# Homework 5. Transformers for token classification
Max Base Points: 15
- [x] Introduce fixes, mentioned in `TODO`s
- [x] Your model also have to handle ukrainian and russian languages. Make sure to add `../data/mantis_analytics_location_detection/ru_geo_dataset.csv` (from https://www.kaggle.com/datasets/vladimirsydor/mantis-analytics-location-detection/data). Think about
    - New Validation
    - New Word Embeddings
    - Maybe separate models
    - IMPORTANT: Take into account `doc_id`
    - Take into account that markup is far from ideal. Maybe pre-processing may help
- [ ] Coming back to Lecture 3. F1 is the final production metric but it strongly depends on threshold. Maybe you can use some "soft" metric for model comparison ? 
- [x] Do we need additional post-processing ?
- [x] Tune `BERT` / `DEBERTA` or other bert-like models on the whole dataset for more epochs, maybe re-write it. Tune all other hyper-params.
- [ ] Try different optimizers lr schedulers 
- [ ] Implement Cross-Validation and add test houldout
- [x] Make a submit to Kaggle
- [ ] Additional points: first private score - 25 points, second private score - 15 points, third private score - 10 points
- [ ] Do not hesitate to use `Discussion` and `Code` on Kaggle. All additional useful insights will be also granted with additional scores
- [x] If you do not want to share with other competitors - you can share with lectors. It can be useful for Mantis usecase 

## General thoughts and approaches 

I thought of two possible approaches to deal with the two-languages nature of the test data:
- Train two separate models for the uk and ru NER, on the inference detect the language of the sample with auxiliary model first and apply correspondent trained model after
- Train multilingual model on the dataset which includes samples from both languages, with the same proportion as in the test data 

At first glance it's not obvious which one should work better. Inserting step with language detection adds one more possible source of error, which may be a bottleneck, because if language detected incorrectly, it will be supplied to the model for another one and likely won't output meaningful result. On the other hand, specialized models expected to have much better performance on the one language than the general one, so high performance on the correctly detected samples may compensate poor performance on the wrong one. 

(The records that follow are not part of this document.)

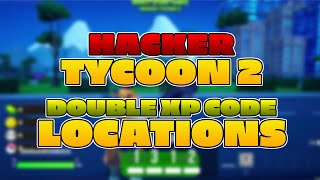 Fortnite 💻 HACKER TYCOON 2 Double XP Code Locations [upl. by Pierrette]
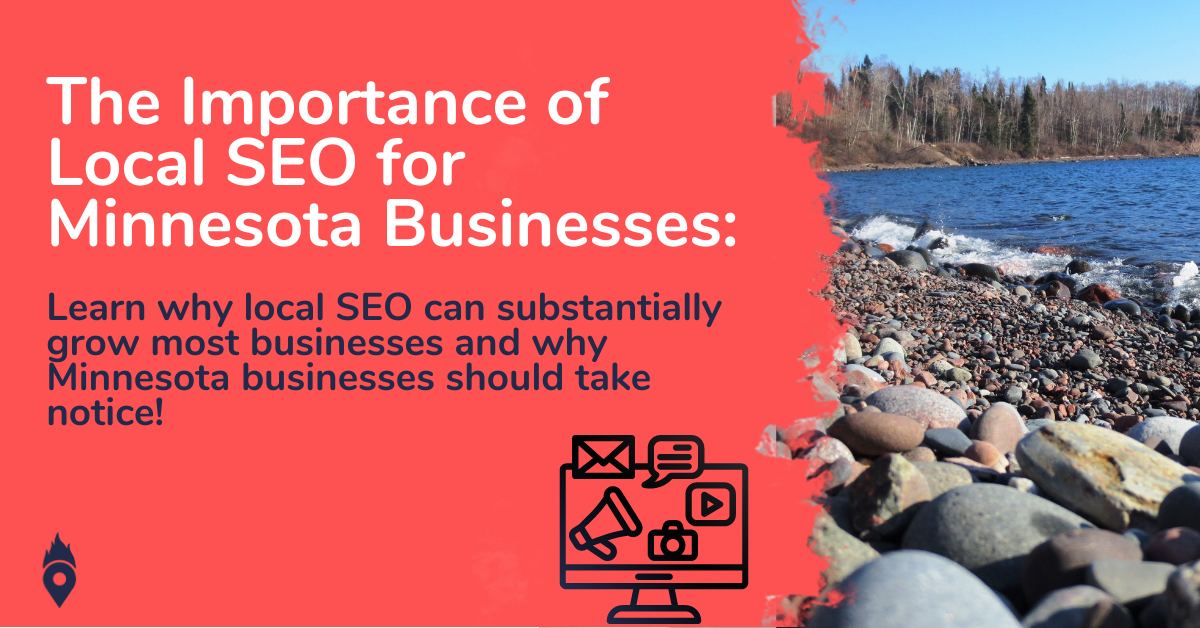 The Importance of Local SEO for Minnesota Businesses Tips from a Full
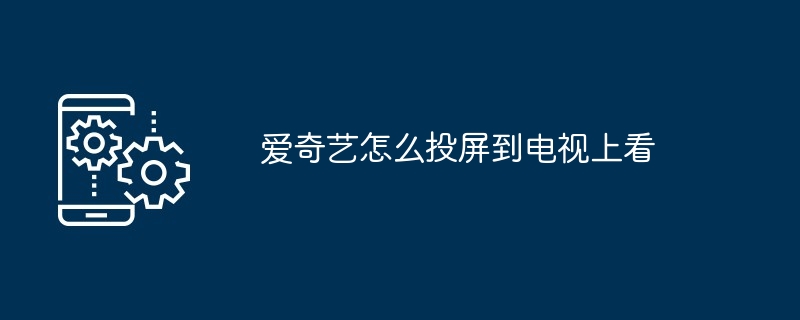 爱奇艺怎么投屏到电视上看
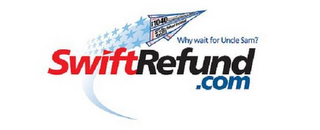 SWIFTREFUND.COM WHY WAIT FOR UNCLE SAM? logo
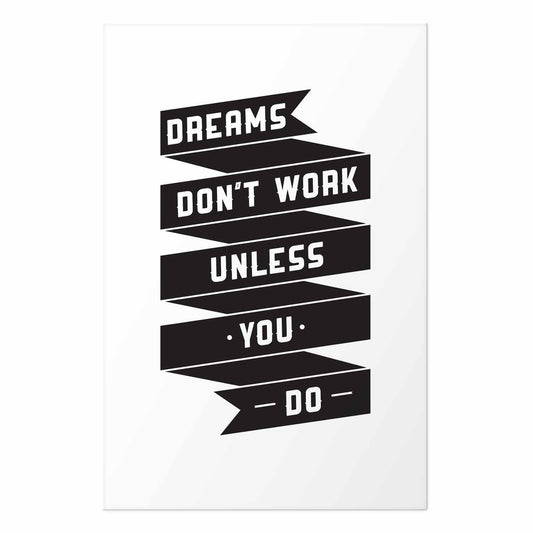 Poster - Dreams Don't Work Unless You Do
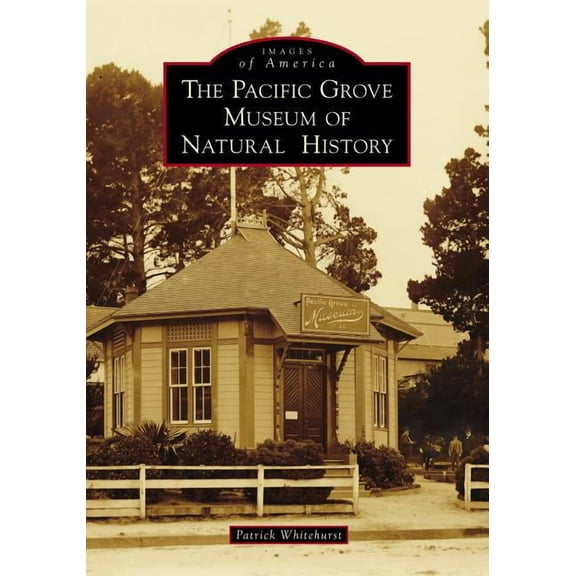 Images of America: The Pacific Grove Museum of Natural History (Paperback)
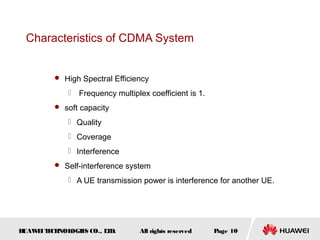 HUAWEITECHNOLOGIES CO., LTD. Page 10All rights reserved
Characteristics of CDMA System
 High Spectral Efficiency
 Frequency multiplex coefficient is 1.
 soft capacity
 Quality
 Coverage
 Interference
 Self-interference system
 A UE transmission power is interference for another UE.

Taking this into account, I decided to try both approaches.

## Combined multibert

1. My first intention was to create combined dataset, which includes ukrainian and russian samples in the same proportion as in the test set, since I noticed that test set is strongly disbalanced in this sense. To save gpu time (I have 30hr per week from the kaggle) and be able to conduct different experiments, I used a part of the uk dataset with `100k` samples. Languages ratios I calculated on the test set with `langid` module. 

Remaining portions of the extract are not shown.